We leave for Lisbon in a little over a week, and I've been reading terrible stories of the toll roads in Portugal-maybe buy a sticker or toll ticket in a post office, maybe no toll booths, huge fines if you don't find a way to pay.... etc.

Does anyone have any experience with this?  It almost makes us not want to go!

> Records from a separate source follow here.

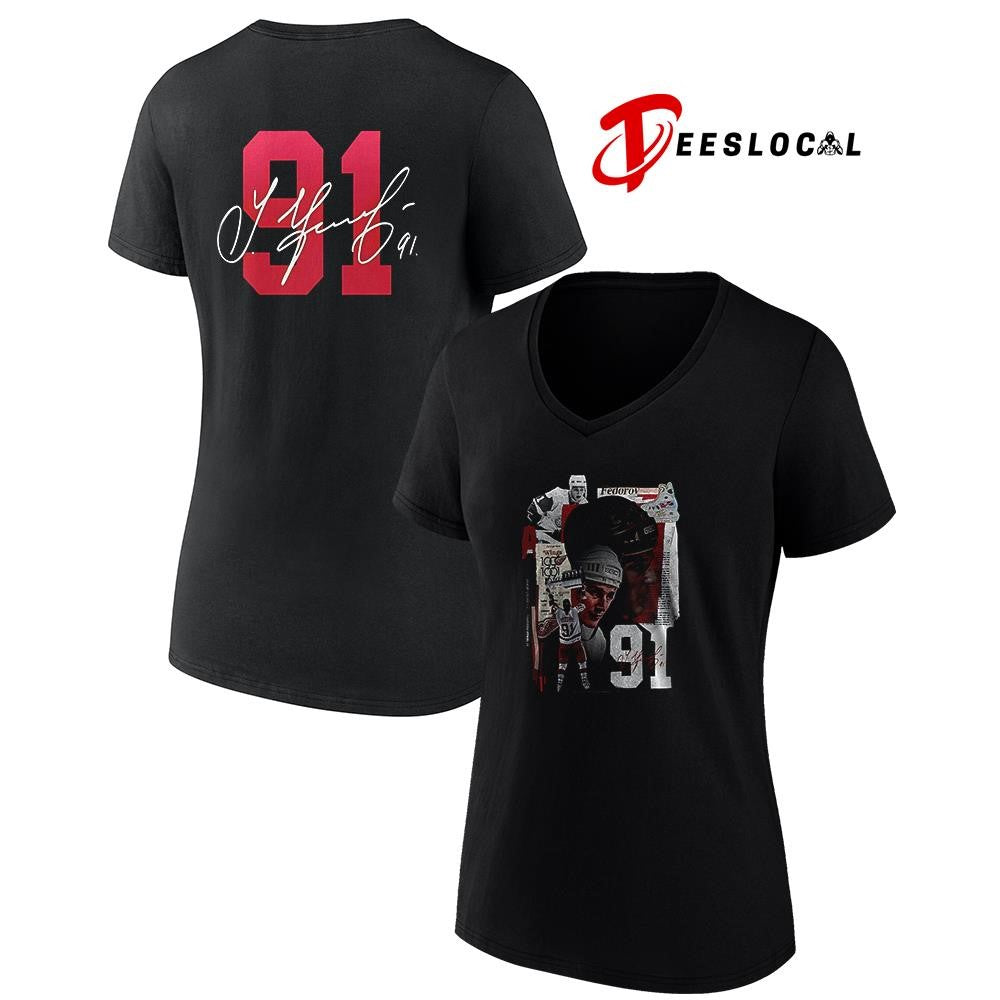 Sergei Fedorov No 91 x Detroit Red Wings signature shirt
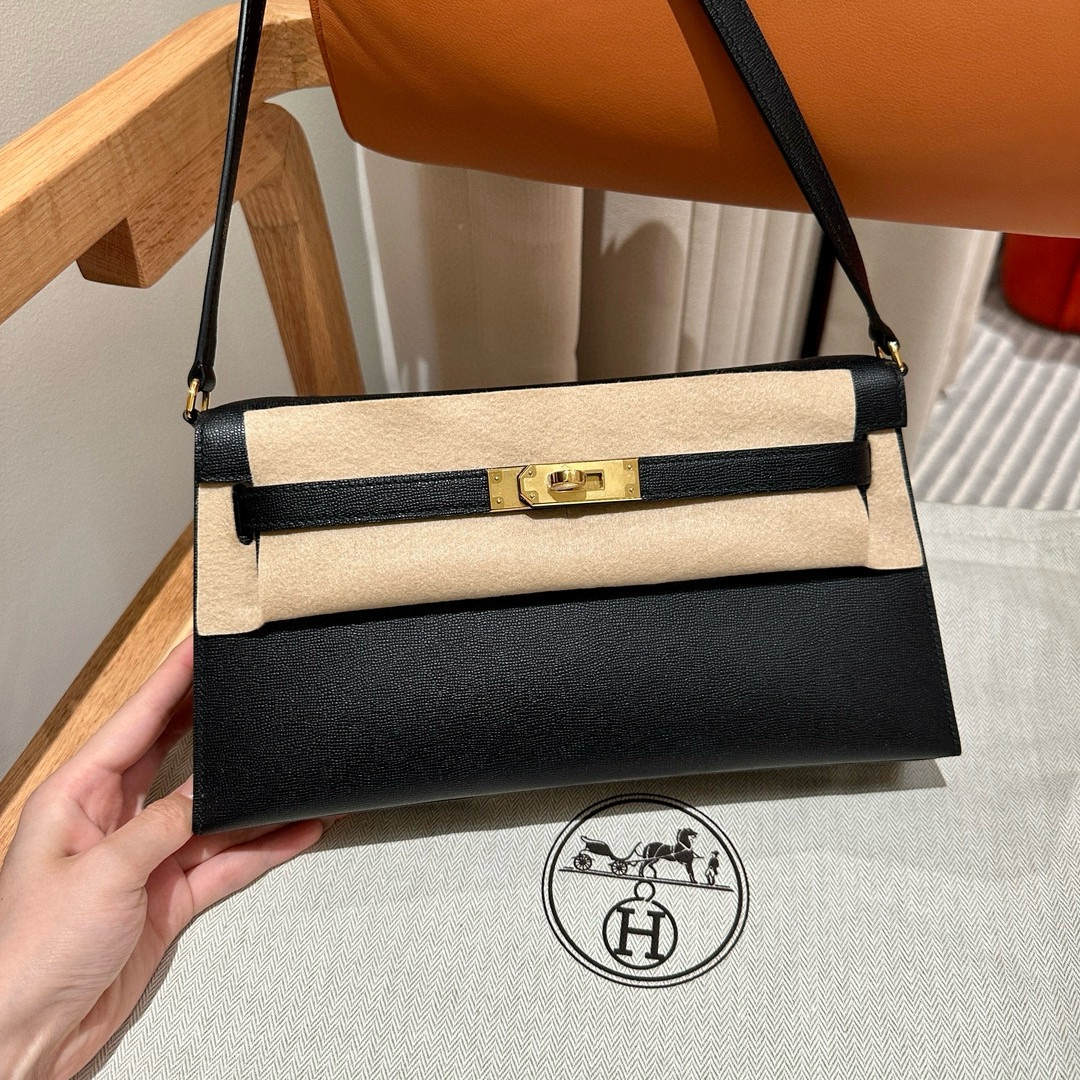 에르메스 Hermes Kelly elan 27cm Epsom 89 Noir/gold
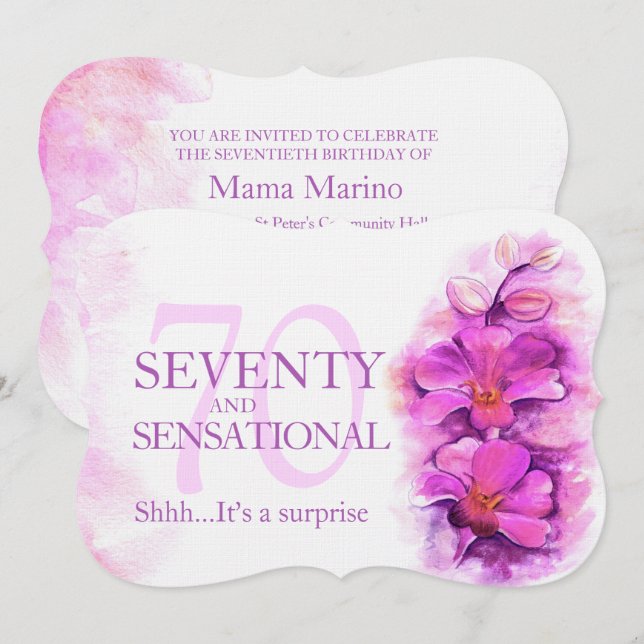 70th Orchid watercolor purple 70 and sensational Invitation (Front/Back)
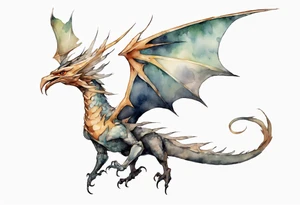 a watercolor of a bird-wyvern hybrid wearing an iron crown, flying tattoo idea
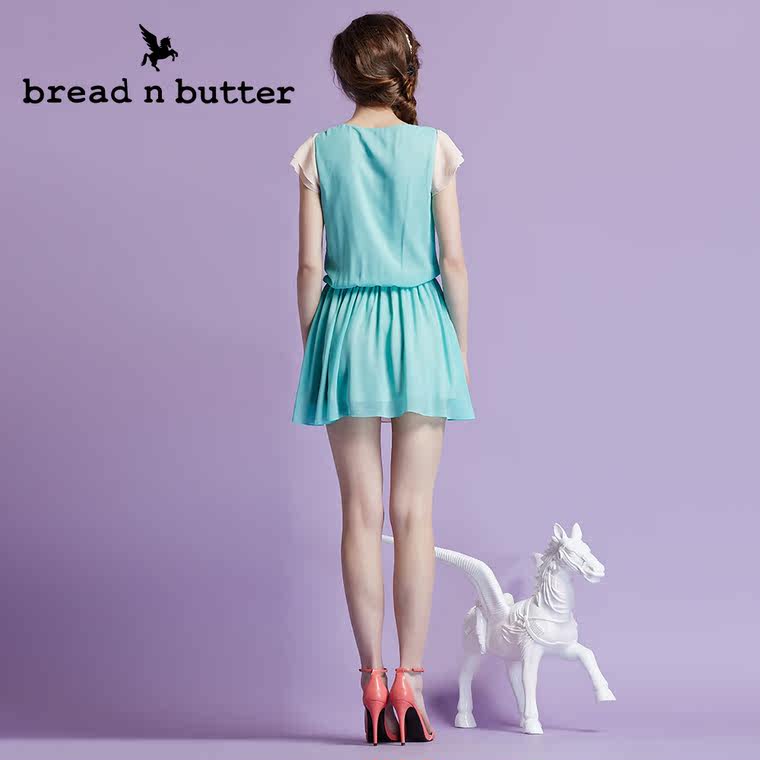 【商场同款】bread n butter面包黄油品牌女装时尚拼色气质连衣裙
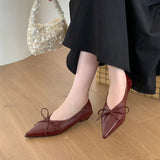KYLETHOMASW  -  Fashion Butterfly-Knot Comfort Women Flats Shoes Casual Non-Slip Female Soft Pointed Toe Dress Ladies Flat Slip On Shoes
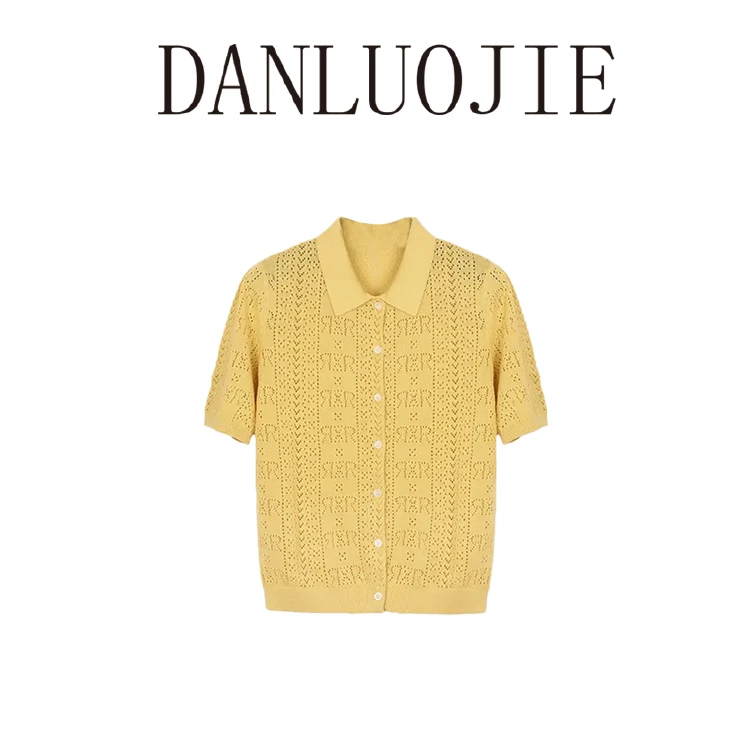 丹珞婕  童话Polo衫 美国进口长绒棉法国亚麻镂空小衫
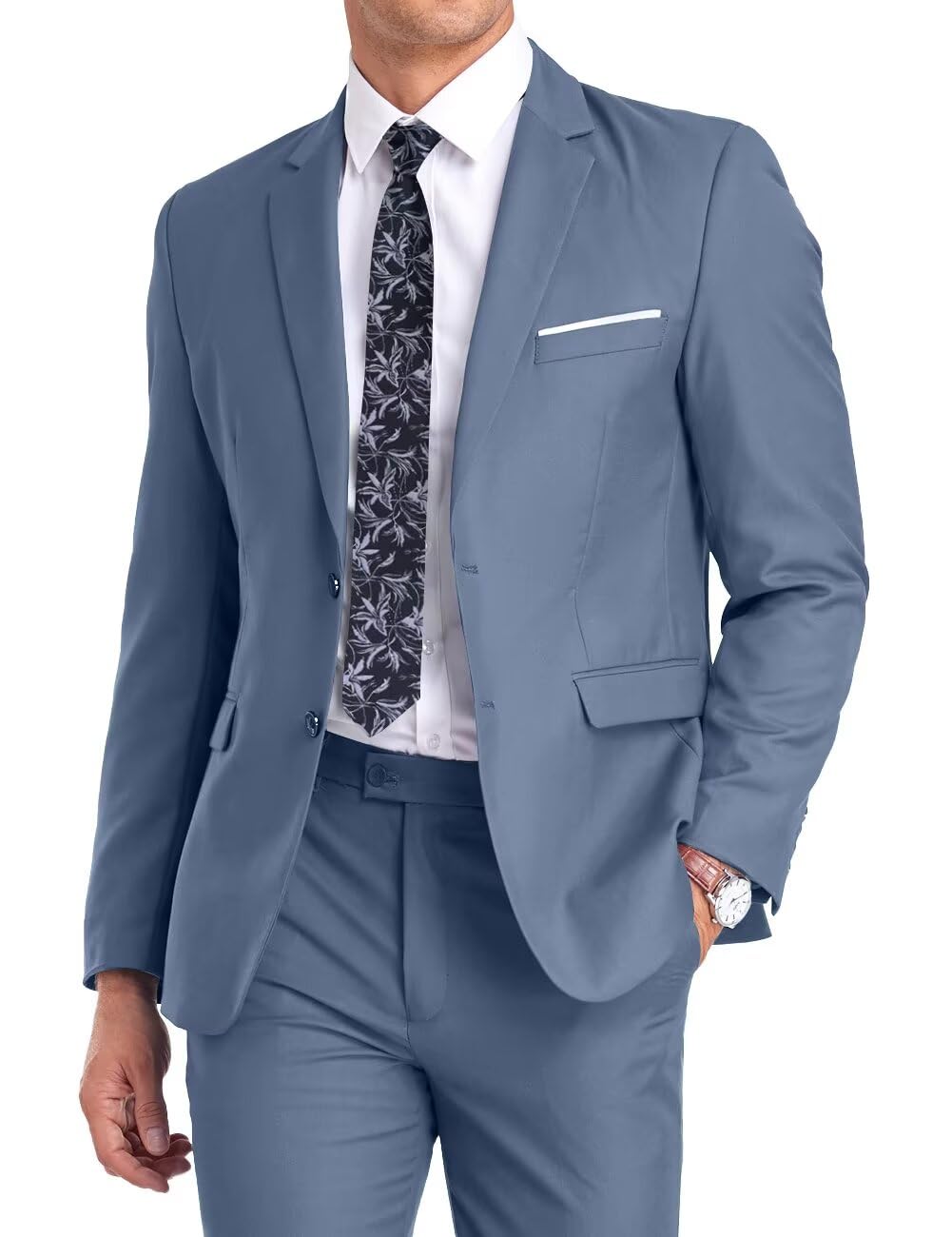 fxzpiodi Mens Suit Slim Fit 2 Piece Suit,Two Button Solid Business Wedding Tuxedo Suit for Prom Suit Jacket and Pants-picture-29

We also have been looking at the pousadas and wonder if anyone on tug has stayed in any of the 40 odd locations.

Thanks for any help....

Anitak


----------



## Passepartout (Apr 28, 2012)

PClapham said:


> We leave for Lisbon in a little over a week, and I've been reading terrible stories of the toll roads in Portugal-maybe buy a sticker or toll ticket in a post office, maybe no toll booths, huge fines if you don't find a way to pay.... etc.
> 
> Does anyone have any experience with this?  It almost makes us not want to go!
> 
> ...



Anita the toll roads are beautiful superhighways like turnpikes in the USA. You just have to remember to get a ticket at the first booth or when you get off it they'll charge you for driving the whole length. It isn't real intuitive, but do it anyway you need to. There are service plazas where they have food, restrooms, covered parking (the sun is HOT). We even used US dollars at one before we had enough euros.

Have not stayed at the Pousadas, but did stay at the Spanish equivalents, Paradores. They are wonderful! If the Pousadas are built to compete (which they are) you will be pampered far more that WE are used to. Generally historical places, castles, monastery's, convents, all brought up to very modern standards with impeccable service and excellent chef-prepared food. We found the Paradores aren't cheap, but so memorable as to be worth it. You only live once!

PM if you need anything else.

Jim


----------



## classiclincoln (Apr 28, 2012)

Spent a week in Portugal a few years ago.  No problems with the toll roads, just paid with Euros.  Did have a problem with the parking lot in Lisbon; couldn't figure out how to pay, so I got a parking ticket.  Went to the police station so they could translate the instructions on how to pay!


----------



## Margariet (Apr 29, 2012)

Just as Jim said. Don't worry: the toll roads are in good condition. Just pick your ticket at the entrance. When you leave the road you pay in cash or by credit card. Don't drive through the automatic line for toll card holders. It's just like in Florida where there are lines for pass holders.

The pousada's are charming and authentic. Look for the promotions and discounts.


----------